[[ Materials provided open ]]

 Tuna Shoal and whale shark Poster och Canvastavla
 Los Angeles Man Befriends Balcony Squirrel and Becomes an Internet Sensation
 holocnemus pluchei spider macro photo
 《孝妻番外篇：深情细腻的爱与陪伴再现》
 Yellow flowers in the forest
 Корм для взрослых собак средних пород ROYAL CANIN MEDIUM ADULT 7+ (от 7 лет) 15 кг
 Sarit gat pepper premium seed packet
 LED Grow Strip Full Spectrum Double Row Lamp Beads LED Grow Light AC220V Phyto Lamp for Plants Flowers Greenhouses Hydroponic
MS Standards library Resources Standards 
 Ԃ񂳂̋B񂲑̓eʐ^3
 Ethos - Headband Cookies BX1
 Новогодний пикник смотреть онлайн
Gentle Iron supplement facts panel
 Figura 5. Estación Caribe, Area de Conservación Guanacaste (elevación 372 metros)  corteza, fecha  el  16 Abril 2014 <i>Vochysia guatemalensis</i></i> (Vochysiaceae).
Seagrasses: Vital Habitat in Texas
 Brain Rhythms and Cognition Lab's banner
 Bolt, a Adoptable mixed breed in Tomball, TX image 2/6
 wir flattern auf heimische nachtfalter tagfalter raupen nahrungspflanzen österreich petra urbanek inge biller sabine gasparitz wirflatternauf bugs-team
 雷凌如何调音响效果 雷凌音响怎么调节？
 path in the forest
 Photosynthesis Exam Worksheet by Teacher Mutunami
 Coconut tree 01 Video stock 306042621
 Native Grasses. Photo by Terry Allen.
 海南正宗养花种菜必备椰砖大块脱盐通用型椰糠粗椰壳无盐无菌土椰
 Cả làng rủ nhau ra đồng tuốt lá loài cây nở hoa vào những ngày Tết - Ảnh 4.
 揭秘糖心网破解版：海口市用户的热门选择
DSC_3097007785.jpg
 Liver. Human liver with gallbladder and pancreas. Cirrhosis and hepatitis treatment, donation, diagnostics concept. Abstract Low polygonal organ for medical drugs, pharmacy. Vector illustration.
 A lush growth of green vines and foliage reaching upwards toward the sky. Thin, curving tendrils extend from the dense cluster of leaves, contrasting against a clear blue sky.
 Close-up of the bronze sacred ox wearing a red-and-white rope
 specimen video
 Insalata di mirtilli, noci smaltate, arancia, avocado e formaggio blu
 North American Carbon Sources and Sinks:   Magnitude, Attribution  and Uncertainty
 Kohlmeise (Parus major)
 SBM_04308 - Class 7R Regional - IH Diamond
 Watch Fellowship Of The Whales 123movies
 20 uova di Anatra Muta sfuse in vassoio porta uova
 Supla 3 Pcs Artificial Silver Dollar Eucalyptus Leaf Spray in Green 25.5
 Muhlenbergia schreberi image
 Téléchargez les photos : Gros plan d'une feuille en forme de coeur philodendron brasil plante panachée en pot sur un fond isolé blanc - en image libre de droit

[[ Materials provided closed ]]

-- Problem to solve --
Only the lines above from the line with "Yellow flowers in the forest" to the line with "Liver. Human liver", those two lines included, should be reproduced exactly.

-- Answer for this exercise --
 Yellow flowers in the forest
 Корм для взрослых собак средних пород ROYAL CANIN MEDIUM ADULT 7+ (от 7 лет) 15 кг
 Sarit gat pepper premium seed packet
 LED Grow Strip Full Spectrum Double Row Lamp Beads LED Grow Light AC220V Phyto Lamp for Plants Flowers Greenhouses Hydroponic
MS Standards library Resources Standards 
 Ԃ񂳂̋B񂲑̓eʐ^3
 Ethos - Headband Cookies BX1
 Новогодний пикник смотреть онлайн
Gentle Iron supplement facts panel
 Figura 5. Estación Caribe, Area de Conservación Guanacaste (elevación 372 metros)  corteza, fecha  el  16 Abril 2014 <i>Vochysia guatemalensis</i></i> (Vochysiaceae).
Seagrasses: Vital Habitat in Texas
 Brain Rhythms and Cognition Lab's banner
 Bolt, a Adoptable mixed breed in Tomball, TX image 2/6
 wir flattern auf heimische nachtfalter tagfalter raupen nahrungspflanzen österreich petra urbanek inge biller sabine gasparitz wirflatternauf bugs-team
 雷凌如何调音响效果 雷凌音响怎么调节？
 path in the forest
 Photosynthesis Exam Worksheet by Teacher Mutunami
 Coconut tree 01 Video stock 306042621
 Native Grasses. Photo by Terry Allen.
 海南正宗养花种菜必备椰砖大块脱盐通用型椰糠粗椰壳无盐无菌土椰
 Cả làng rủ nhau ra đồng tuốt lá loài cây nở hoa vào những ngày Tết - Ảnh 4.
 揭秘糖心网破解版：海口市用户的热门选择
DSC_3097007785.jpg
 Liver. Human liver with gallbladder and pancreas. Cirrhosis and hepatitis treatment, donation, diagnostics concept. Abstract Low polygonal organ for medical drugs, pharmacy. Vector illustration.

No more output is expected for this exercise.